A GARDENER has grown malformed fruits and vegetables after radio-active nodules extracted from Budleigh Salterton cliffs were placed in germinating seed trays beneath them.

Tony Carpenter, of Moormead, has been speaking about how he dug out radio-active nodules discovered years ago by a local geologist and stored them for safety’s sake in his garden shed.

Mr Carpenter said he recently raised some seedlings for cucumbers and tomatoes and passed some on to his daughter.

“She was amazed to discover that she was getting freak-looking vegetables, namely a pair of cucumbers welded together as one like Siamese twins,” he said.

“I suddenly remembered that I had recently placed the nodules underneath the germinating seed trays and wondered if this could be the cause.”

Mr Carpenter added: “I remember reading the local newsagents billboard back in the 1930s was the mystifying announcement that a local geologist, Mr Carter, discovered that the cliffs at Budleigh contained radio-active nodules.

“This, he had confirmed with the help of a chemist from Exmouth, by using them to take photographs in total darkness.”

Mr Carpenter recalled how not long after the war he was talking to a man in his local pub who said he had visited Budleigh from Harwell, the atomic energy research establishment, to check up on the nodules.

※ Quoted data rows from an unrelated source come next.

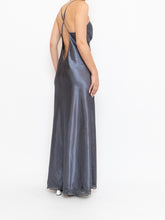 Load image into Gallery viewer, Vintage x Grey Satin &amp; Lace Open-back Dress (S)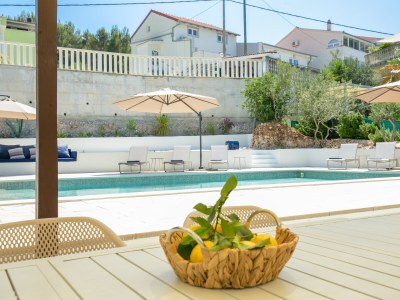 Holiday house Three bedroom house with terrace and sea view Arbanija, Čiovo K-24430 - Outdoor photo 59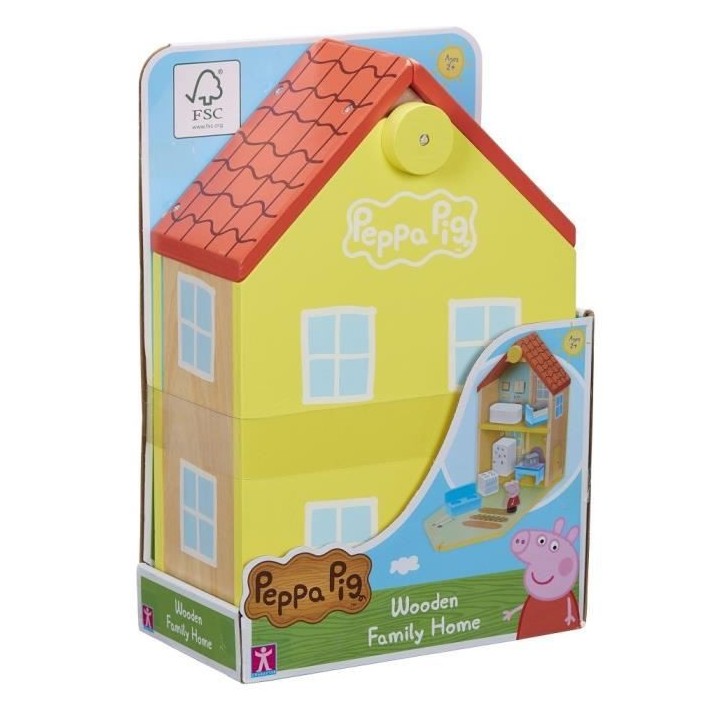Peppa Pig - Maison Classique en Bois avec 1 personnage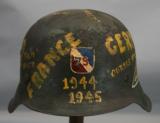 WW2 German M42 Souvenir Helmet, 75th Div - 1 of 11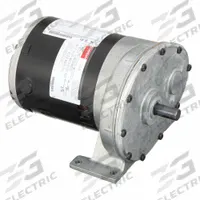 DAYTON AC Gearmotor: Parallel, Single Output Shaft, Split-Phase, ODP, 62 RPM, 400 in-lb Max Torque (MPN 1LPU4). Key specifications — Inverter Rated: No; Brand: DAYTON; Full Load Current: 8.3 A.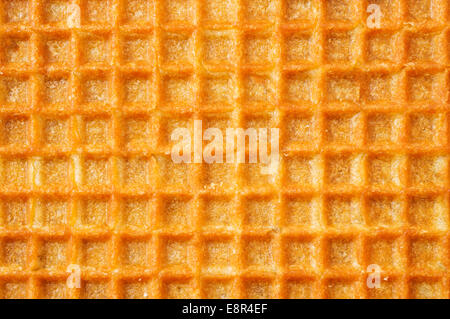 Waffeln Hintergrund Zelle Textur closeup Stockfoto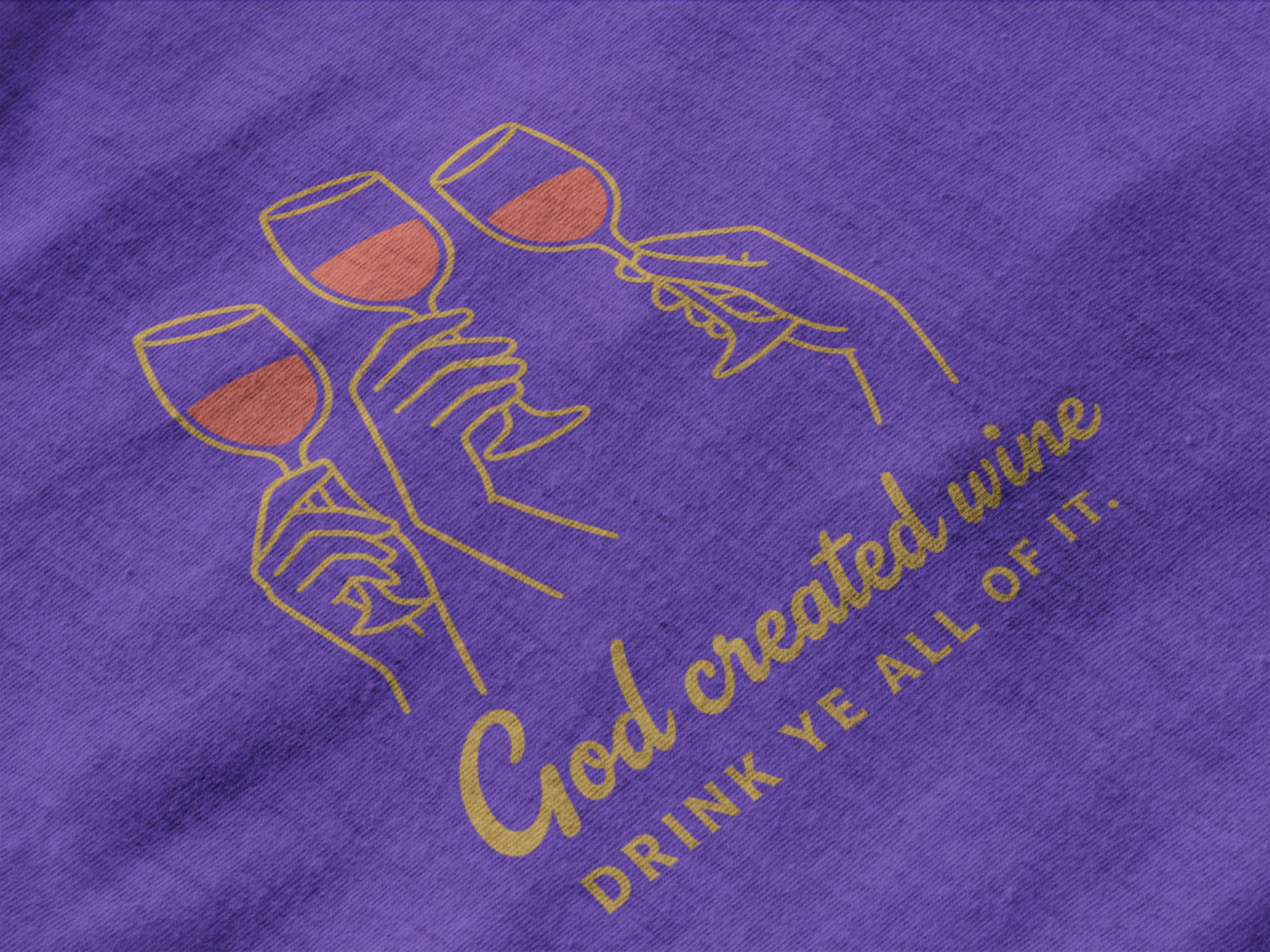 God Created Wine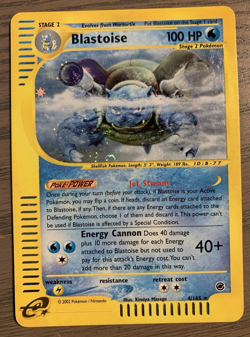 Pokemon 2002 Blastoise Expedition Base Set Holo Rare Card 4/165 - Image 2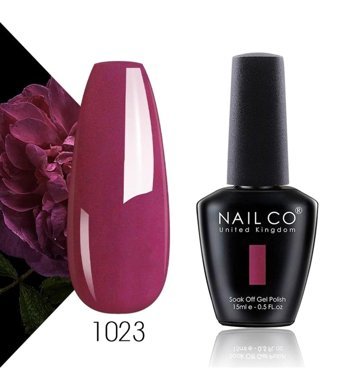 NailCo United Kingdom 1023 Mor Parlak Kalıcı Oje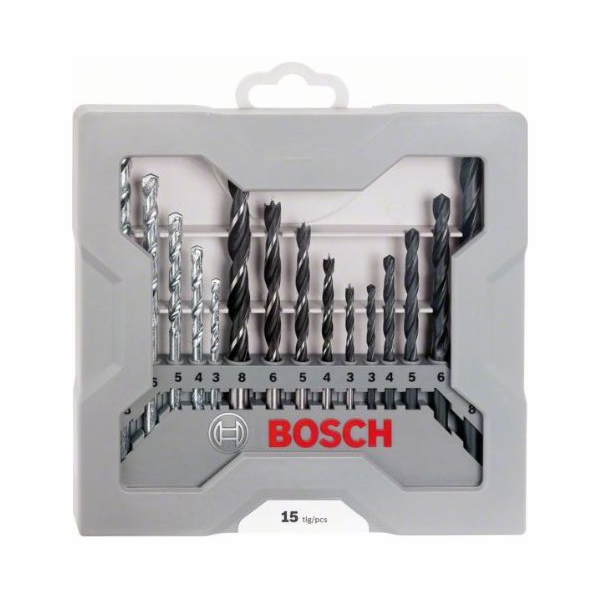 Sada vrtáků Bosch 2607017038 X-Pro 15ks, smíšená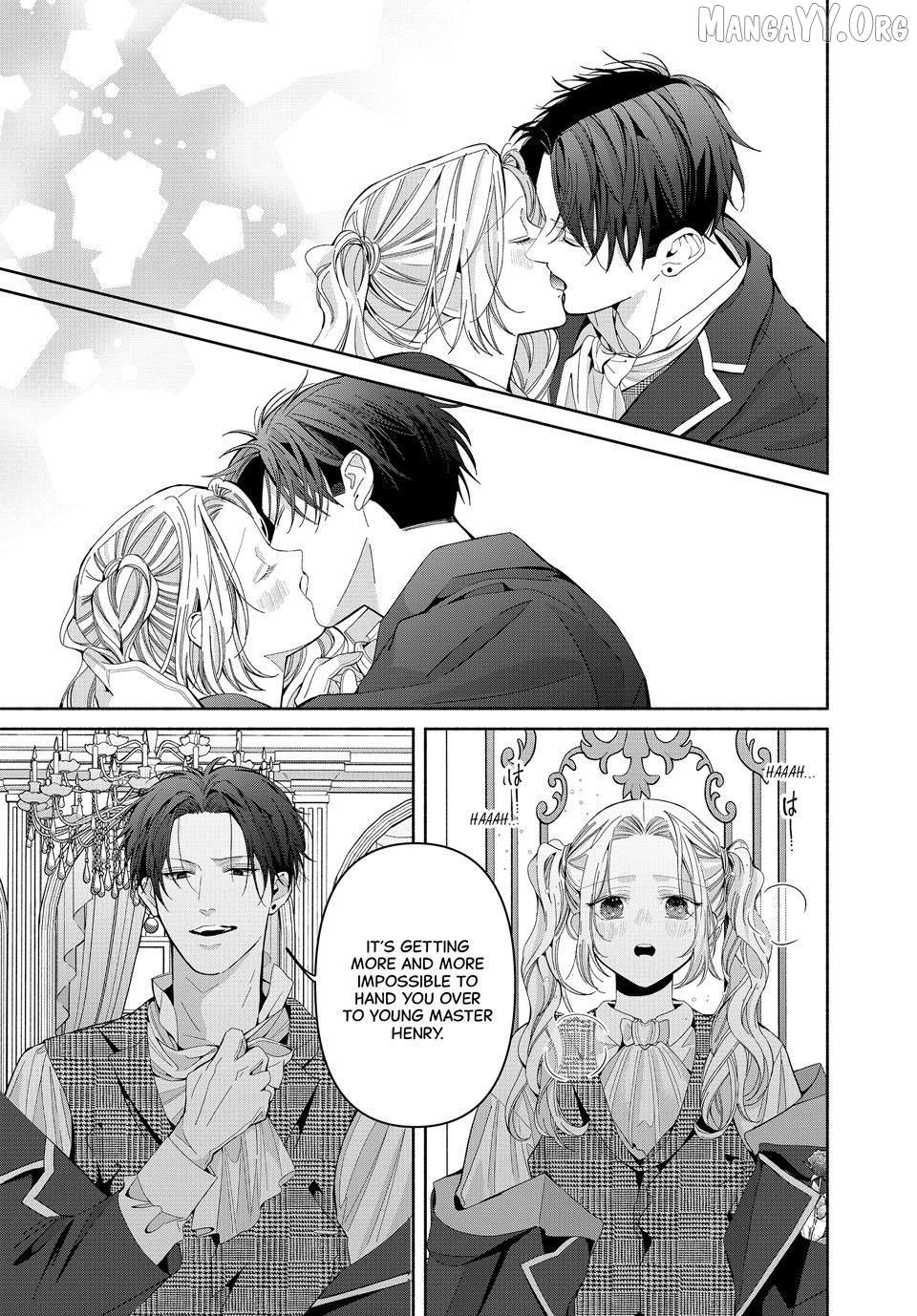 Moto Konyakusha kara Nigeru tame Kyūketsu Hakushaku ni Koibito no Furi wo Onegai Shitara, Naze ka Dekiai Mōdo ni Narimashita Chapter 24.5 - page 9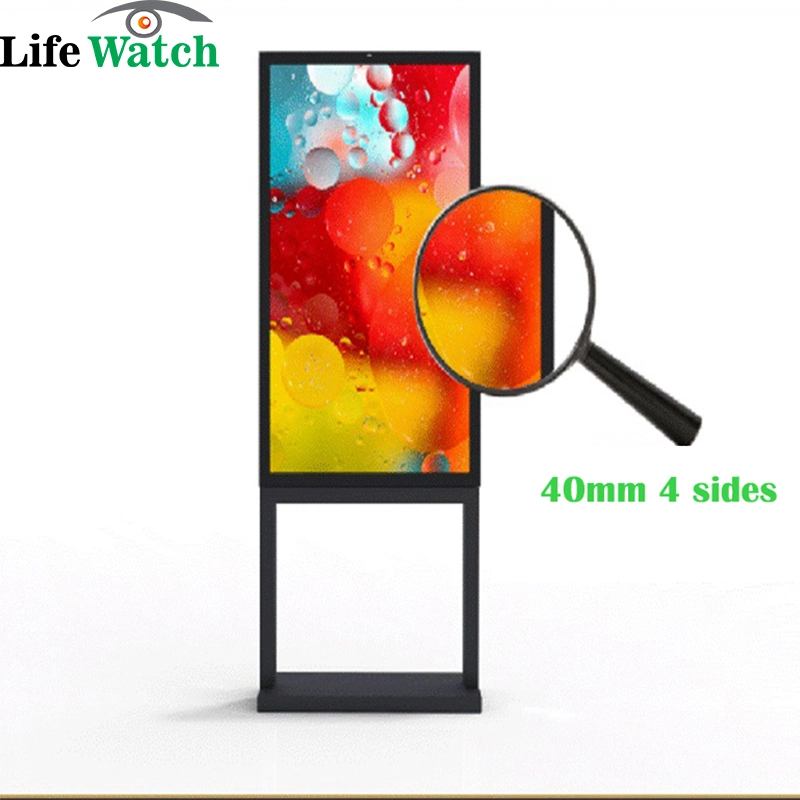 43-Inch IP66 Water-Proof Ik10 92mm Thickness 2500 Nit Brightness Android Windows System Free Standing LCD Digital Signage Kiosk Display Screen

“I remember that many years ago when I was living on the local gasworks site, there was a wall built with local sandstone that contained a greyish-coloured building stone.

“It was of similar appearance to the greyish nodules, which on one occasion, at the dead of night we noticed a faint glow emitting.

“I frequently get greeted with total disbelief when relating the story to friends but it is, of course, well substantiated in our local museum.”